US President Barack Obama will address the UN General Assembly for the eighth and last time on Tuesday during which he will review some of the trends that have been shaping the international order for many years, his close aide has said. Obama leaves Washington DC for New York on Sunday morning for his last time attending the annual General Assembly Session as the US President.
“I think with respect to the speech, what he will want to do is step back and review some of the progress that’s been made over the last eight years, but also review some of the trends that have been shaping our international order for many years and that have led up to a really critical moment as the international community responds to a range of different crises,” Deputy National Security Advisor Ben Rhodes told reporters during a conference call. Giving a preview of his speech, Rhodes said Obama would likely offer his thoughts in this final forum to address the entire world about the types of approaches that they need to take as a national community to deal with a myriad of challenges.

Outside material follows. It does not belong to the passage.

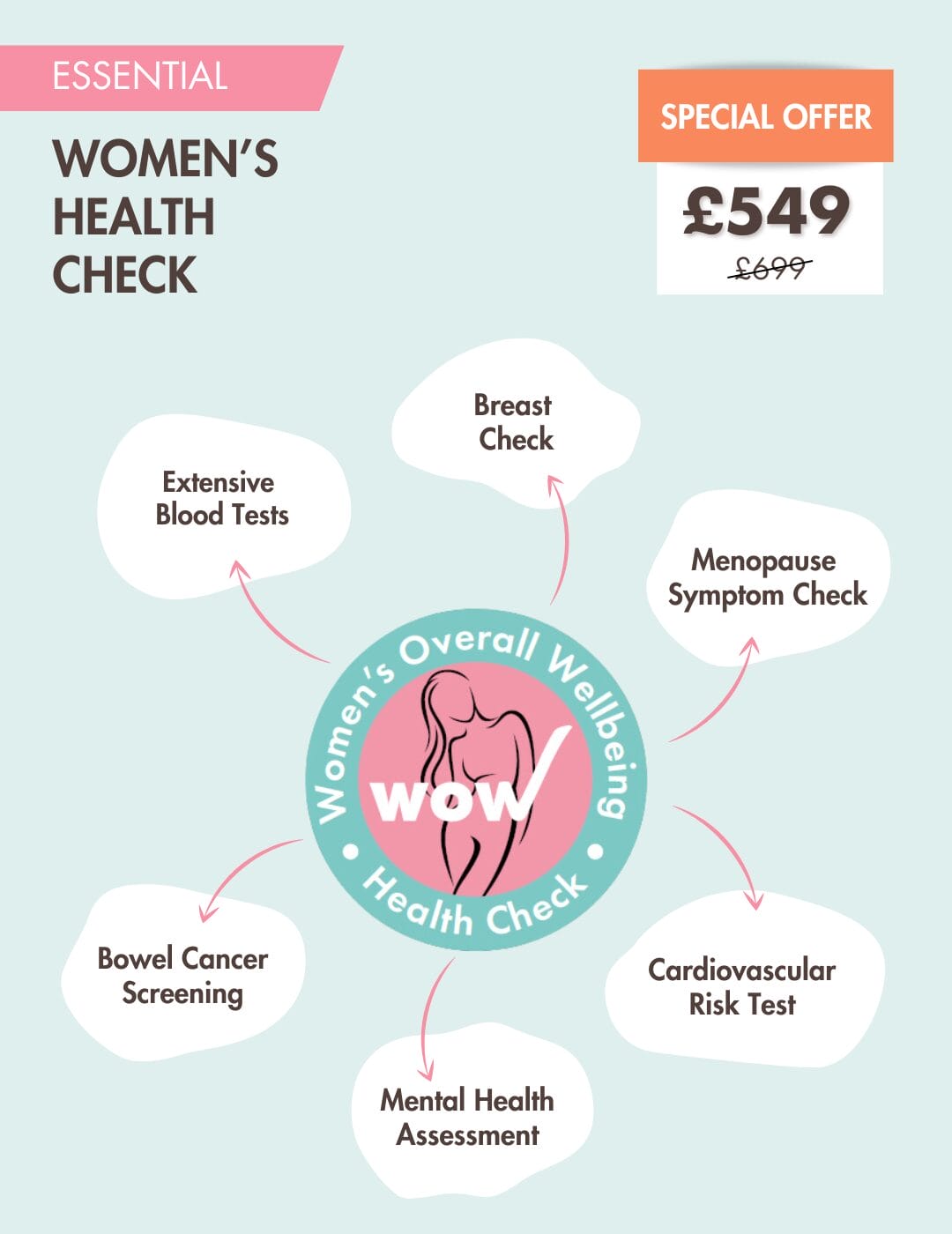 Women's Health Check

Obama will also talk about “how we can ensure that we’re continuing to promote sustainable and inclusive economic growth; how we are promoting the type of inclusive governance that both respects the rights of individuals around the world, but also facilitate to the many challenges that we face —
governance obviously being a critical component of what is needed to deal with issues in the Middle East and North Africa — and then discuss the type of international cooperation we’re seeking to build,” Rhodes said.
“I think Paris is a good model for that in that it involves nearly every country in the world stepping forward and making commitments to work together to deal with the global challenge. I think the President will discuss how we can apply international cooperation to deal with the many issues that are shaping this period in time,” Rhodes said.